Most importantly in terms of what I am writing about initially the UFC was open weight, there were no weight classes. Royce Gracie was the king early on, using the now widely known Gracie Brazilian Jujitsu style to defeat opponents much larger than him.

In the early days of open weight tournaments Royce Gracie reigned supreme
In the early days of open weight tournaments Royce Gracie reigned supreme

The early UFC tournaments really served as an advertising platform for Gracie Jujitsu. It was a way of saying to the world (or the martial arts fans watching at the time) look at what we can do, this martial art will give you the skills to defeat someone larger that you.

The advert worked like a charm and now we see Gracie Jujitsu and other BJJ schools all over the world. While BJJ is a great martial art, make no mistake as well as being that it is a profit machine generating millions for those who are skilled enough not just on the mat but in marketing their schools.

Weight classes

Going back to my main point, BJJ tournaments around the world now use weight classes. This is because if you have 2 fighters of a similar skill set, and one is much larger. Despite what 80’s films and some martial arts will tell you, the larger fighter will win 9 times out of 10.

But what about Royce Gracie in the first UFC tournaments I hear you ask, well yes Royce is MMA royalty no doubt and he was very successful. However his success in the early tournaments was largely due to the fact that his opponents literally did not know what BJJ was, so they had no way of countering or stopping his submissions.

Fast forward to 2006 and it seemed that the sport and the competitors has been brought up to speed. By this time you had Matt Hughes as the king of the welterweight division. Matt Hughes had enough knowledge of submissions to stop Royce.

The result of this was the revelation that even BJJ is not going to save you against someone who knows what they are doing and has a size or strength advantage.
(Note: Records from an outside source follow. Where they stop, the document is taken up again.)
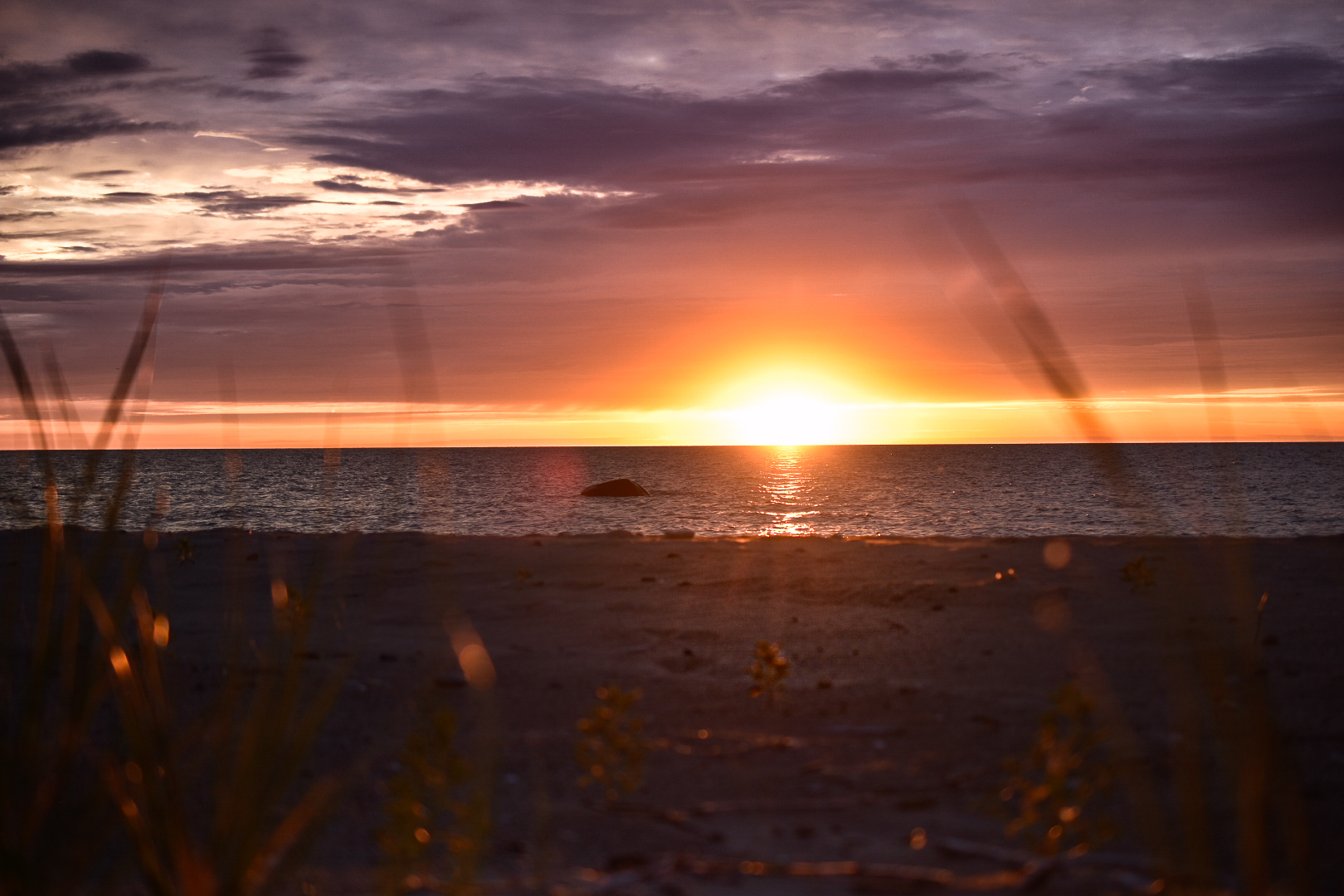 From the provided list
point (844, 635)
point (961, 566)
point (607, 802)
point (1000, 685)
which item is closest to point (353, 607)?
point (844, 635)

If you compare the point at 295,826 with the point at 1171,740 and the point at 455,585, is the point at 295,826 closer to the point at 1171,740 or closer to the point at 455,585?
the point at 1171,740

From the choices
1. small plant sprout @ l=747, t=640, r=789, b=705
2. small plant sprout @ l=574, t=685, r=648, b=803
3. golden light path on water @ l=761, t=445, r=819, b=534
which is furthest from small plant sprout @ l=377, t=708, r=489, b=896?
golden light path on water @ l=761, t=445, r=819, b=534

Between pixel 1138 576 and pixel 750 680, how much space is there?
417 cm

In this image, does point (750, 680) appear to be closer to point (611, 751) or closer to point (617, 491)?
point (611, 751)

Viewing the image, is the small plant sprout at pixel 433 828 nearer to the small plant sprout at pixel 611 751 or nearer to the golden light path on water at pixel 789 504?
the small plant sprout at pixel 611 751

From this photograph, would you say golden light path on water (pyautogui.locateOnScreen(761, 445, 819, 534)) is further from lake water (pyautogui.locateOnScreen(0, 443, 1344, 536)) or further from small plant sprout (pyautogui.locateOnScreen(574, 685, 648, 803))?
small plant sprout (pyautogui.locateOnScreen(574, 685, 648, 803))

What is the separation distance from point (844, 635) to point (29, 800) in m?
→ 5.39

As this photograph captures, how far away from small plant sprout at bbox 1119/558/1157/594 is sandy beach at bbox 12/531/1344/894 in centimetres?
7

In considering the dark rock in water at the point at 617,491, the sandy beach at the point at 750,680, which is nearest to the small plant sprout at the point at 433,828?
the sandy beach at the point at 750,680

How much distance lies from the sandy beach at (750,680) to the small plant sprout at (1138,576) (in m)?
0.07

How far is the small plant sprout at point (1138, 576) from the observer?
25.8 ft

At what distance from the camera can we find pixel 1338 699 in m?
5.12

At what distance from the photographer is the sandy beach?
3.26 meters

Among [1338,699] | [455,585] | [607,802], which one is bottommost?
[607,802] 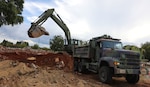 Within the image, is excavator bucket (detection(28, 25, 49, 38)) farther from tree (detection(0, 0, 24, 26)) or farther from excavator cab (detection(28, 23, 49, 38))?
tree (detection(0, 0, 24, 26))

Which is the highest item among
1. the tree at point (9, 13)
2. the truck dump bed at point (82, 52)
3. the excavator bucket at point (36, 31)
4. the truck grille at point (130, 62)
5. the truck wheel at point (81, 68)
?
the tree at point (9, 13)

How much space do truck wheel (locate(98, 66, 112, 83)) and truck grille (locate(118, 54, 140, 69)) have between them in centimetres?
77

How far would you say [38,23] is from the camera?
21.8 meters

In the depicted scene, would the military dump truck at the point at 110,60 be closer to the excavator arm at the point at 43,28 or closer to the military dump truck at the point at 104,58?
the military dump truck at the point at 104,58

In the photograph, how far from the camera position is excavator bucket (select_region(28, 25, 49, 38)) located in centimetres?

Hughes wasn’t necessarily an over sized opponent for Royce (in fact Royce was larger), however Hughes was way stronger, and the point I am making here is that Hughes had enough knowledge to stop the crafty Brazilian veteran and the result was a savage beating.

Catch weight of 175lbs Hughes vs Gracie was one of the worst mis matches in UFC history.
Catch weight of 175lbs Hughes vs Gracie was one of the worst mis matches in UFC history.

The above brings be back to my main point, if Matt Hughes in 2006 was able to destroy Royce like that and they were the same weight. Then what would a guy like Andre Arlovski have done to him? So unless they actually beat the bigger guy how can you have a pound for pound list where the smaller guys rank higher?

Current pound for pound ranking

The fact that the UFC has clear weight classes makes the pound for pound rankings meaningless. Look at the current pound for pound rankings; you have Henry Cejudo above Stipe Miocic. That is crazy, Stipe is the heavy weight champion walking around at 250lbs, Cejudo weighs 160lbs on his heaviest days.

That is not to say that Cejudo isn’t skilled, but to even insinuate that he would beat Stipe Miocic in a fight is just madness. Now people will counter and say if they were the same size he would win. No he wouldn’t, because a lot of things that Cejudo can do because of his speed and agility are down to the fact he is a smaller guy.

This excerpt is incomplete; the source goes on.